__Assignment__.
If an entry holds a picture, leave the picture out and copy the rest exactly.

__Data extract__.
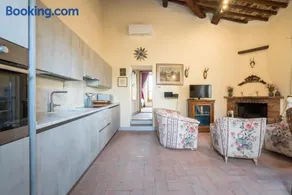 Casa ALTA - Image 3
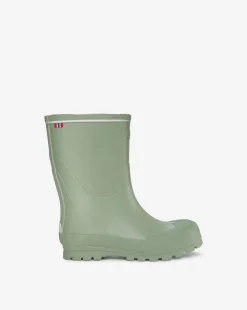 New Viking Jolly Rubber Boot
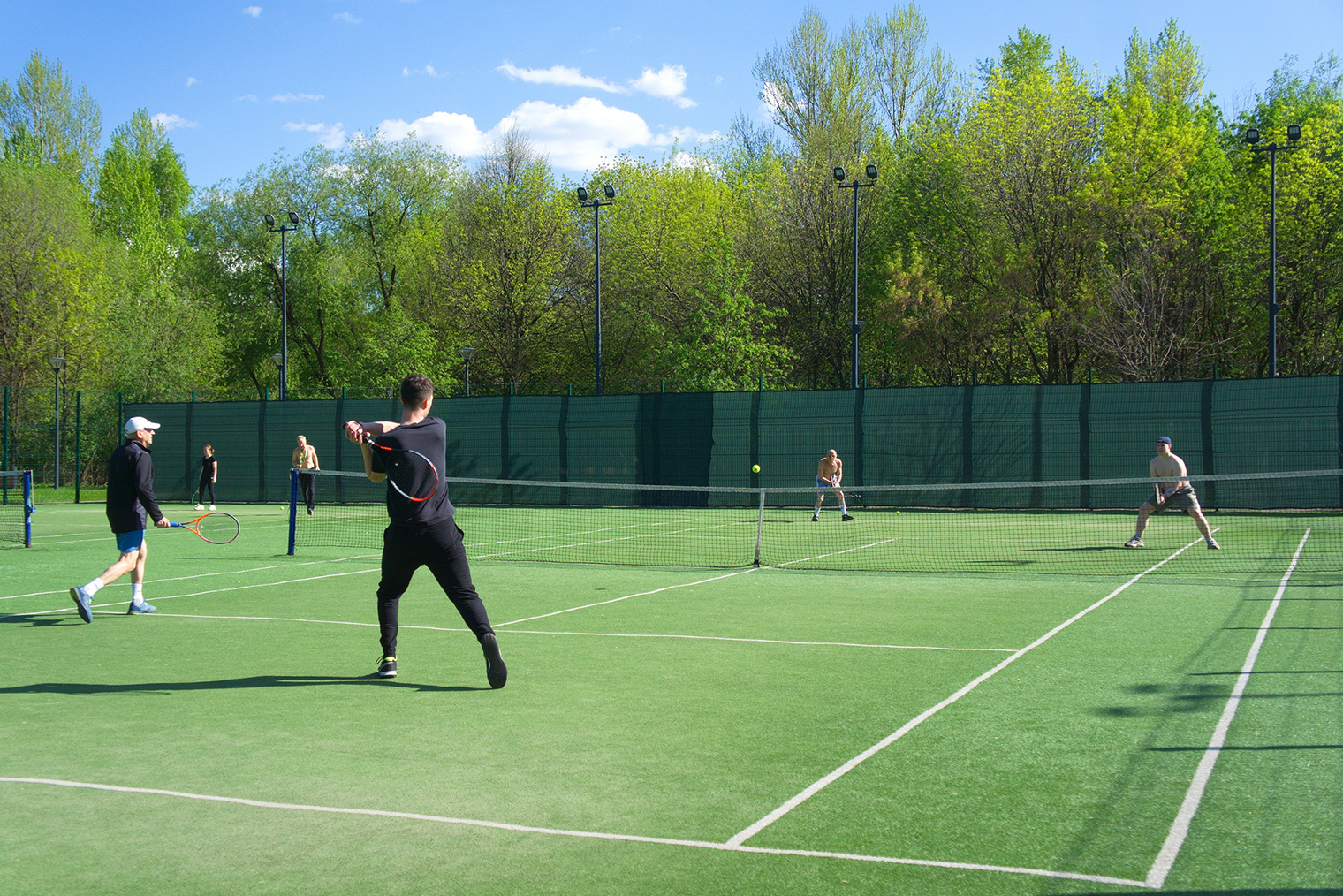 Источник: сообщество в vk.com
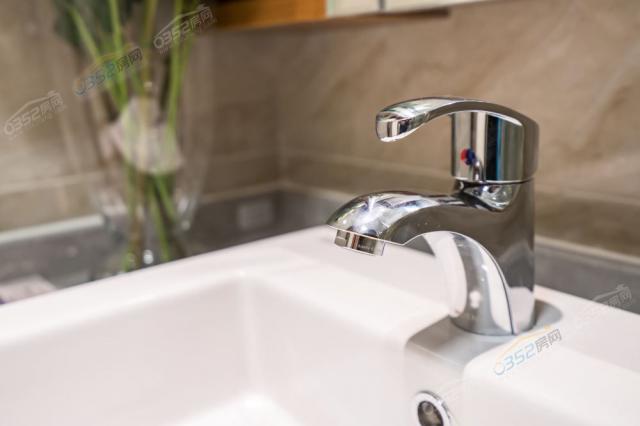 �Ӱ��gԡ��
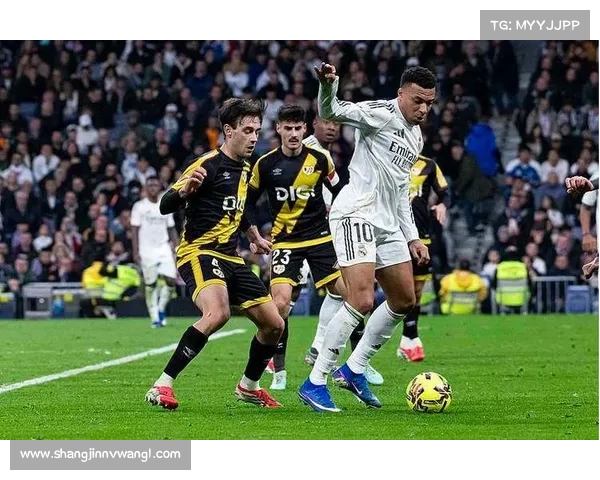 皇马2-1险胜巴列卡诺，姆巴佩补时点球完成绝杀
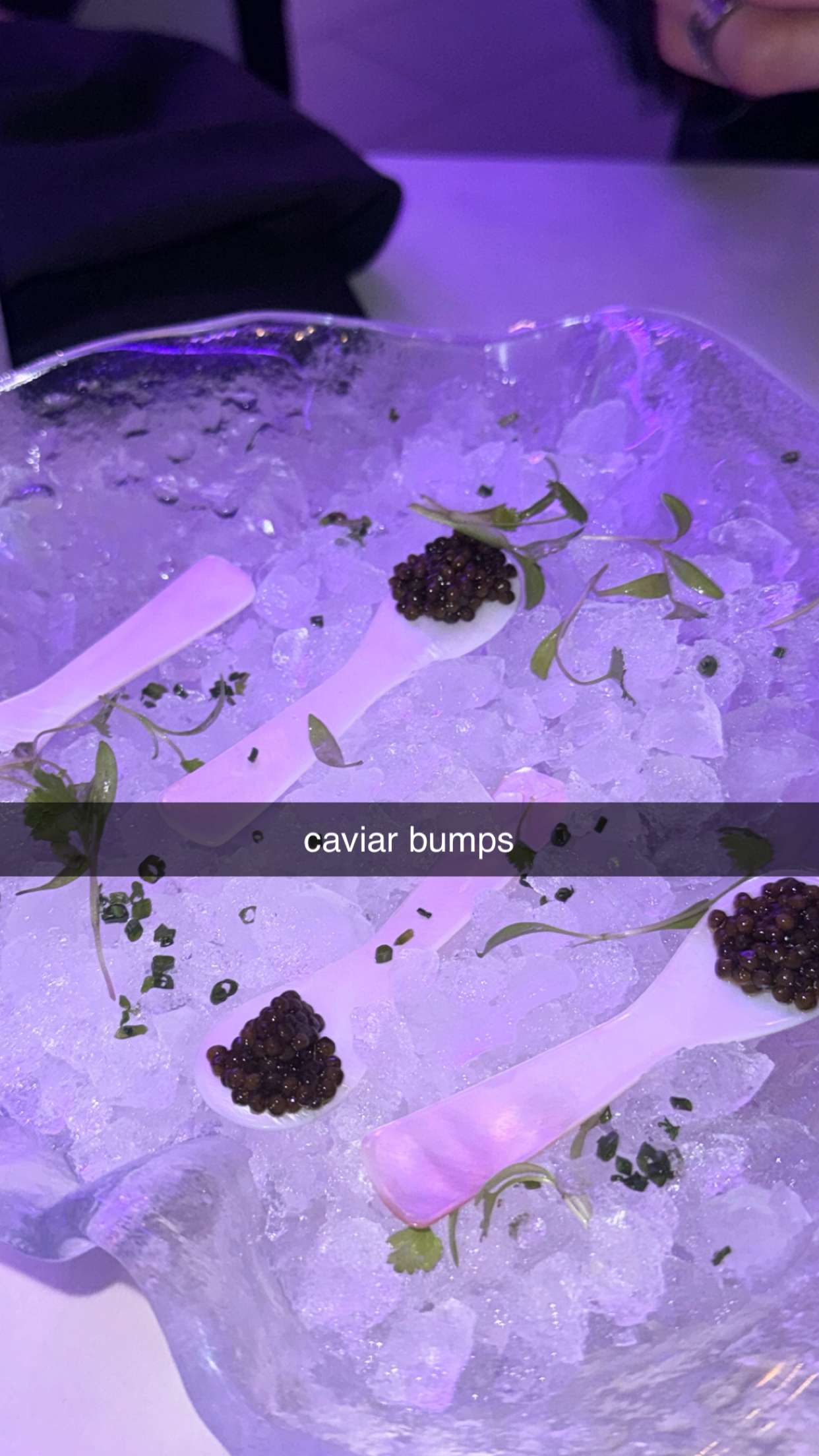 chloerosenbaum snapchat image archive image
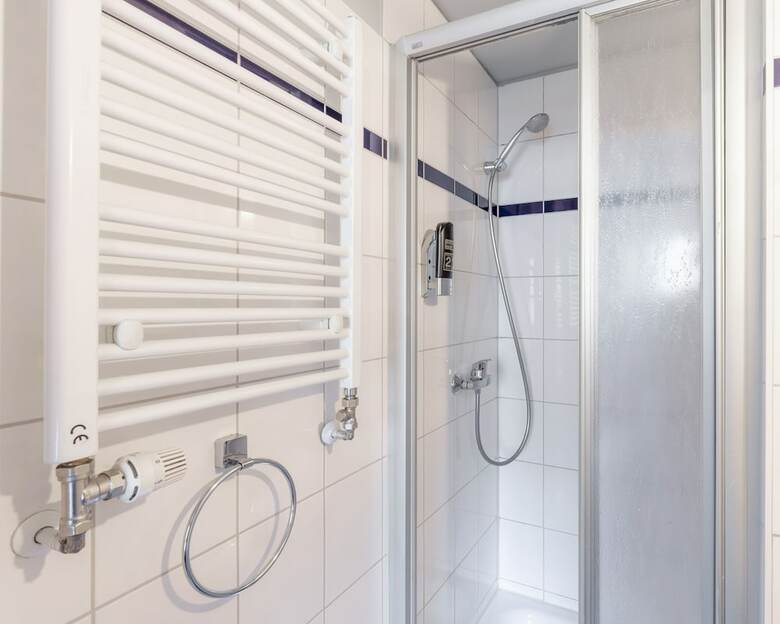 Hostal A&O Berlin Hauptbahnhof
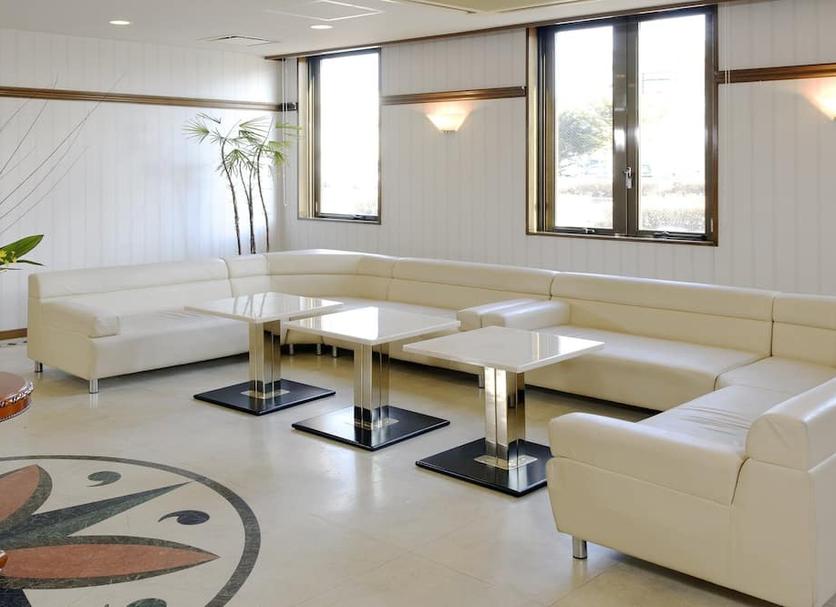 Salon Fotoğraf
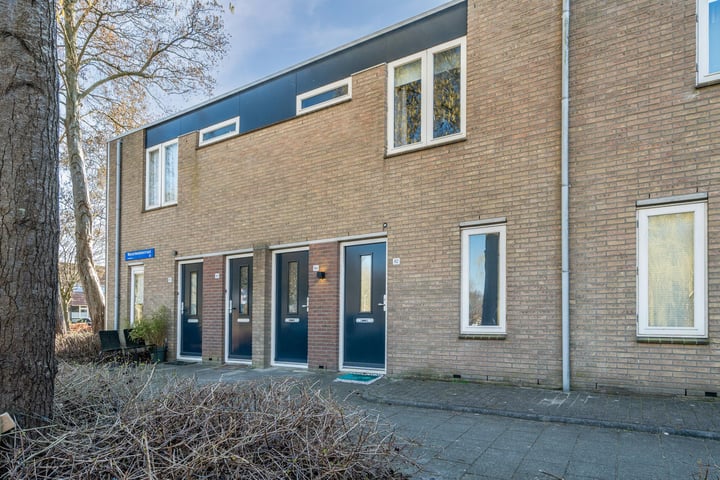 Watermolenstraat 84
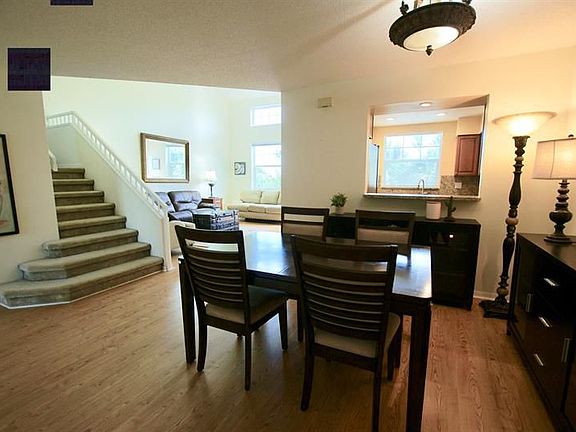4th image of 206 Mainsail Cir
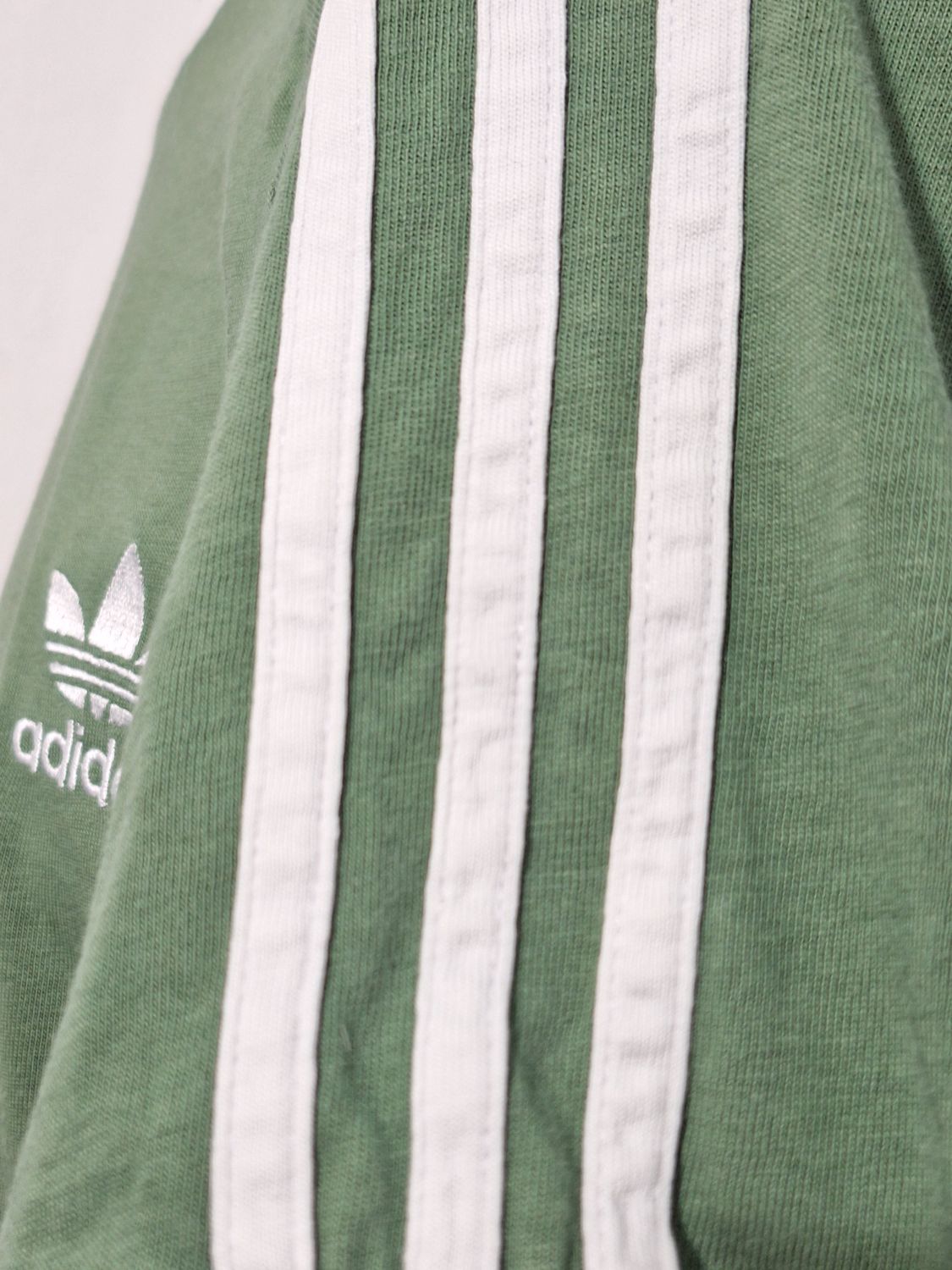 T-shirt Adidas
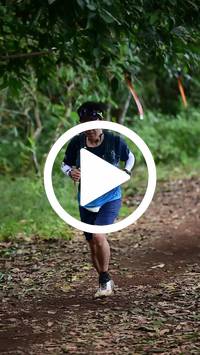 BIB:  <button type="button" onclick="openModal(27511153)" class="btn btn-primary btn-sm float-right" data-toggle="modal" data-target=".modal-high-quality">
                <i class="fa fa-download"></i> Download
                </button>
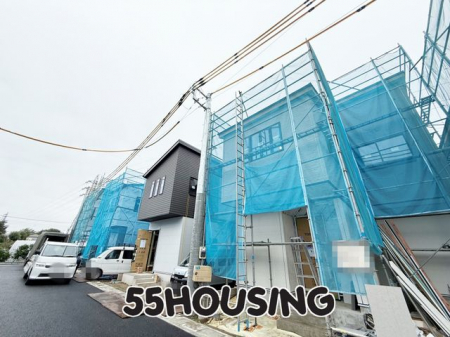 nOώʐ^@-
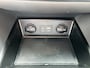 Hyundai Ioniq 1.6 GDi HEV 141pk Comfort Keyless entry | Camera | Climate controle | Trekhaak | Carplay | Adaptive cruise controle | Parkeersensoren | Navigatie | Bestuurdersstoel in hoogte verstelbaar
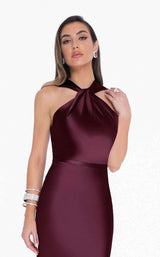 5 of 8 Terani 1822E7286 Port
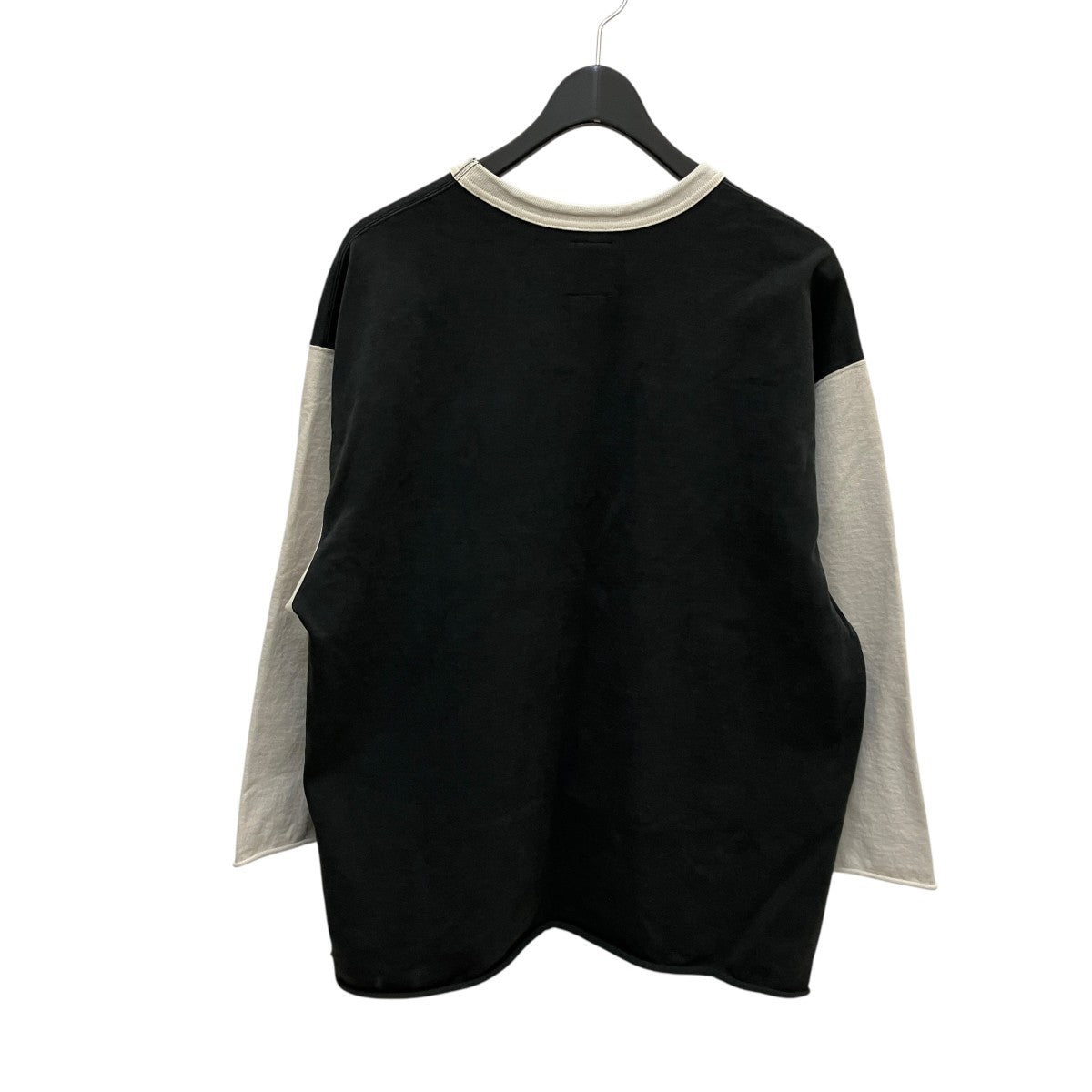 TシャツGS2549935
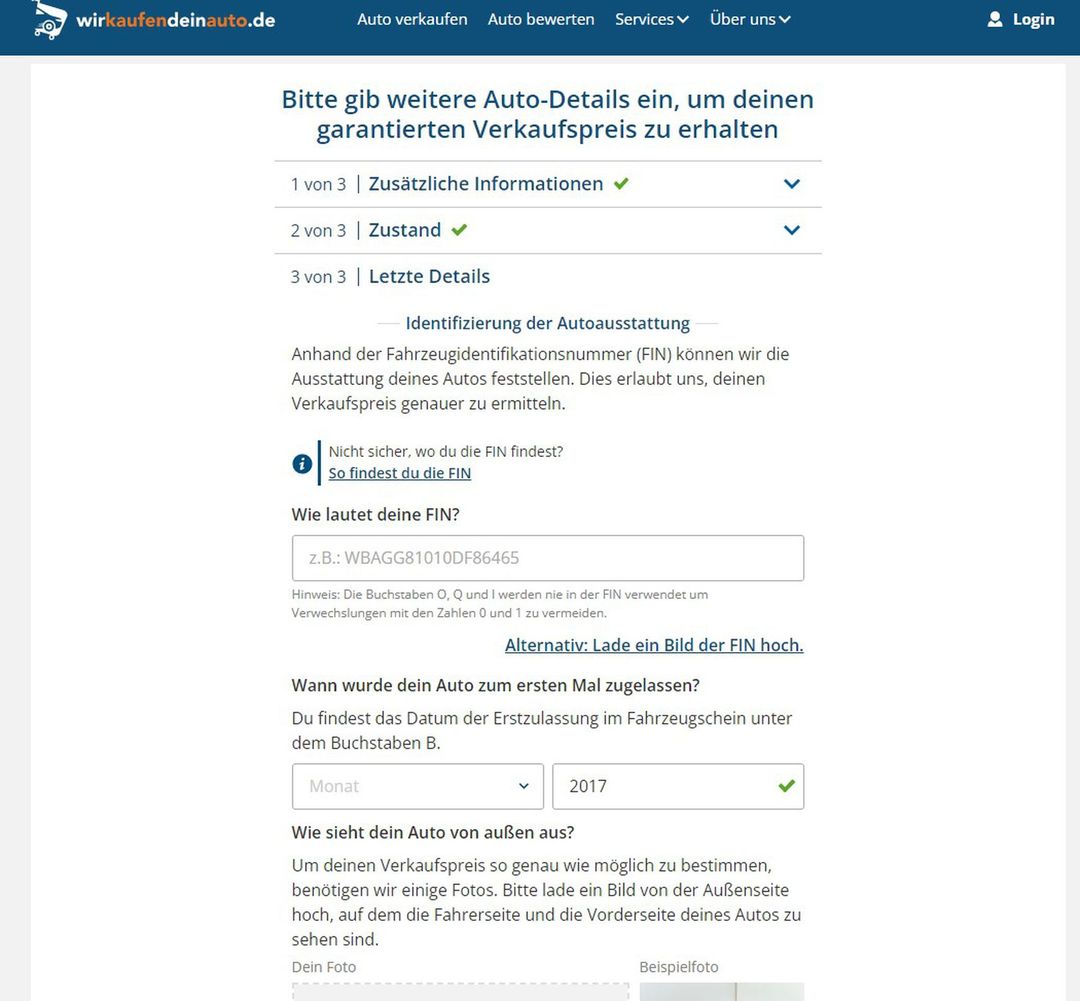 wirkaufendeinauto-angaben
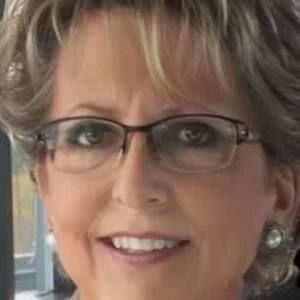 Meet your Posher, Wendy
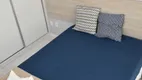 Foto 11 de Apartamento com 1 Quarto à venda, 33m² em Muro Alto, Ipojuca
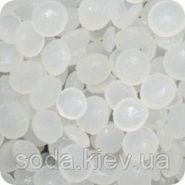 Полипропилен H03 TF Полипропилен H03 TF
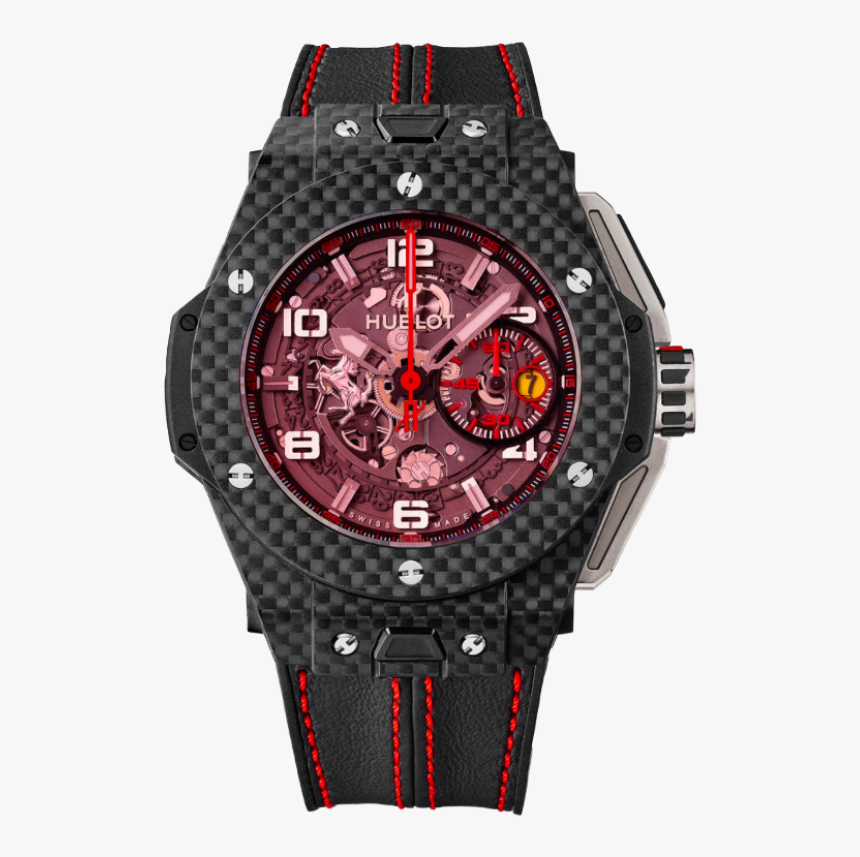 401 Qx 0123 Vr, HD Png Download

__Exercise answer__.
 Casa ALTA - Image 3
 New Viking Jolly Rubber Boot
 Источник: сообщество в vk.com
 �Ӱ��gԡ��
 皇马2-1险胜巴列卡诺，姆巴佩补时点球完成绝杀
 chloerosenbaum snapchat image archive image
 Hostal A&O Berlin Hauptbahnhof
 Salon Fotoğraf
 Watermolenstraat 84
4th image of 206 Mainsail Cir
 T-shirt Adidas
 BIB:  <button type="button" onclick="openModal(27511153)" class="btn btn-primary btn-sm float-right" data-toggle="modal" data-target=".modal-high-quality">
                <i class="fa fa-download"></i> Download
                </button>
 nOώʐ^@-
 Hyundai Ioniq 1.6 GDi HEV 141pk Comfort Keyless entry | Camera | Climate controle | Trekhaak | Carplay | Adaptive cruise controle | Parkeersensoren | Navigatie | Bestuurdersstoel in hoogte verstelbaar
 5 of 8 Terani 1822E7286 Port
 TシャツGS2549935
 wirkaufendeinauto-angaben
 Meet your Posher, Wendy
 Foto 11 de Apartamento com 1 Quarto à venda, 33m² em Muro Alto, Ipojuca
 Полипропилен H03 TF Полипропилен H03 TF
 401 Qx 0123 Vr, HD Png Download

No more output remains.